The central idea behind EOF analysis is illustrated most easily using a time series with only two variable. The horizontal velocity components in a moored current meter record are ideal.
%matplotlib notebook
import os
import urllib
import numpy as np
import matplotlib.pyplot as plt
from pycurrents.file import matfile
from pycurrents.num import eof
#plt.rcParams['figure.dpi'] = 70
We will use a nice current meter record from the Alenuihaha Channel. I don't know the exact location, or even the year, but that doesn't matter for present purposes.
fname = 'uv_alenuihaha.mat'
url = 'http://currents.soest.hawaii.edu/ocn_data_analysis_files/data/' + fname
if not os.path.exists(fname):
urllib.request.urlretrieve(url, filename=fname)
mcm = matfile.loadmatbunch(fname)
print(matfile.showmatbunch(mcm))
print('start time: %.3f last time: %.3f' % (mcm.t[0], mcm.t[-1]))
fig, ax = plt.subplots()
ax.plot(mcm.t, mcm.u, label='u', alpha=0.5)
ax.plot(mcm.t, mcm.v, label='v', alpha=0.5)
ax.set_xlabel('days')
ax.set_ylabel('cm/s')
ax.legend(loc='upper right')
We can see from the raw u, v time series that the two velocity components are correlated, and have roughly similar standard deviations. Another way to look at the correlation is with a scatter plot.
fig, ax = plt.subplots()
ax.plot(mcm.u, mcm.v, '.', alpha=0.3)
ax.set_xlabel('u (cm/s)')
ax.set_ylabel('v (cm/s)')
ax.set_aspect('equal')
ax.axhline(0, color='0.5')
ax.axvline(0, color='0.5')
The east-north coordinate system is arbitrary. It looks like a more natural coordinate system would be rotated about the mean value, with the first axis aligned with the long axis of the scatter cloud. To look at this more closely, we will glue the u and v components together as columns in an (n,2) matrix, and then use that to calculate the variance-covariance matrix.
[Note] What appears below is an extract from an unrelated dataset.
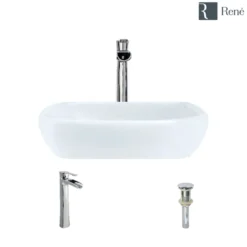 Rene 17" Round Porcelain Bathroom Sink, White, with Faucet, R2-5011-W-R9-7007-C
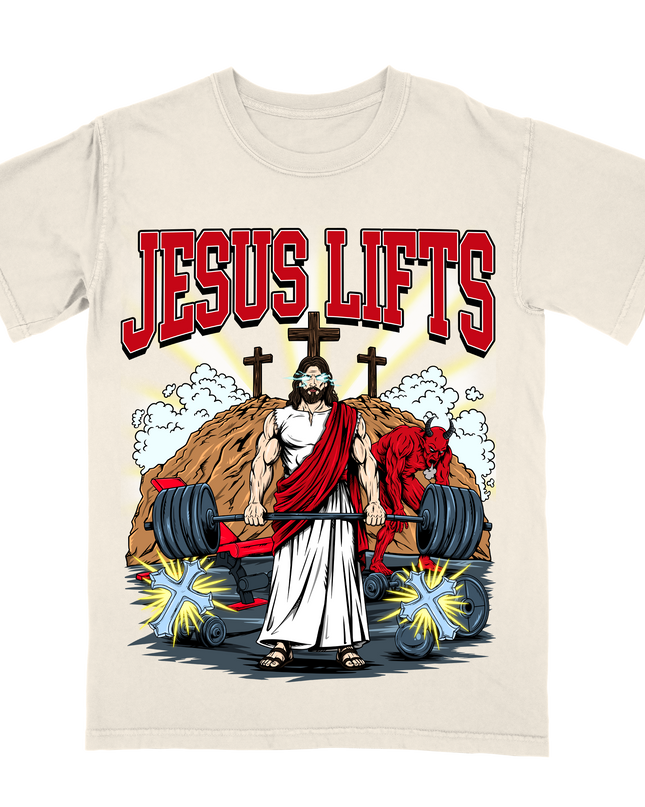 Jesus Lifts Christian faith graphic t-shirt from Planet Euphoria, off-white shirt, front view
If we call this $U$, then the variance-covariance matrix will be $U^TU$.
mcm.udm = mcm.u - mcm.u.mean()
mcm.vdm = mcm.v - mcm.v.mean()
uv = np.vstack((mcm.udm, mcm.vdm)).T
print('The shape of U is %s.' % (uv.shape,))
nt = len(mcm.u)
The variance-covariance matrix shows strong covariance between u and v.
vcv = (uv.T @ uv) / nt
print(vcv)
Let's use a function that returns the semi-major and semi-minor axes, and the angle of the semi-major axis with respect to the $x$-axis, of the standard deviation ellipse for a velocity time series. The first two arguments returned are the square root of the eigenvalues of the variance-covariance matrix.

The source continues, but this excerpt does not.